Si Berthe Morisot dut s’armer d’une grande détermination pour exercer son art et, à force de persévérance, dialoguer à égalité, d’artiste à artiste, avec Manet et les autres impressionnistes, elle ne se laissa jamais détourner de sa manière à elle, de sa touche particulière. Comme le répète Dominique Bona, elle peignait « à bout de pinceau », tout en affinant de plus en plus, au fil du temps, son style, jusqu’à tendre vers une épure, un inachèvement pleinement assumé, qui semblent comme les prémisses de ce que sera, plus tard, l’art abstrait. Elle ne peint que le bonheur, elle préfère, par-dessus tout, peindre des enfants ou de très jeunes filles. Elle qui, hormis en tant que mère, ne fut jamais ni vraiment épanouie ni heureuse, projette sur ses toiles ses rêves de sérénité. « Elle ne peint pas ce qu’elle est, écrit Dominique Bona, (…) elle peint ce qu’elle voudrait être. » (page 206).

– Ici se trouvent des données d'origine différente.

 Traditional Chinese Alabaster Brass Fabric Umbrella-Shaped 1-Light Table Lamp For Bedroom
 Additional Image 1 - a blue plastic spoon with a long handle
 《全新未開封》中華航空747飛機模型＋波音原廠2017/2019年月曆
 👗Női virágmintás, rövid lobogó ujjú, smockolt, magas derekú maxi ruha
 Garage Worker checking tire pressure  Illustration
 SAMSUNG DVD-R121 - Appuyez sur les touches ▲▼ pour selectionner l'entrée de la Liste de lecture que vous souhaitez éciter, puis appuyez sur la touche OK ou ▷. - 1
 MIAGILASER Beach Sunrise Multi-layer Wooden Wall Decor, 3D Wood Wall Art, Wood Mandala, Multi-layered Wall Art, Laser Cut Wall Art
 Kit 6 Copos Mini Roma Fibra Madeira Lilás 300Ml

Il est temps de la découvrir en admirant ses œuvres et, pourquoi pas, en lisant le remarquable ouvrage de Dominique Bona, qui abonde en informations précieuses sur Berthe Morisot et les autres Impressionnistes. Il est temps, aussi, de réviser ses préjugés et de considérer les femmes au même titre que les hommes, entre autres quand il s’agit des arts, quels qu’ils soient. Berthe Morisot, qui fut toujours davantage entourée de femmes que d’hommes, émit, une seule fois, au cours de sa vie, un jugement collectif sur les premières, après avoir fait la rencontre de Marie Bashkitrseff (auteure d’un précieux journal intime et peintre plutôt académique, morte à 24 ans) : « Vraiment, écrit-elle, nous (les femmes) valons par le sentiment, l’intention, la vision plus délicate que celle des hommes et si, par hasard, la pose, la pédanterie, la mièvrerie ne viennent à la traverse, nous pouvons beaucoup. » (page 326). Elle en fut elle-même le parfait exemple. 

9/10

 

                                                                                     Luc Schweitzer, ss.cc.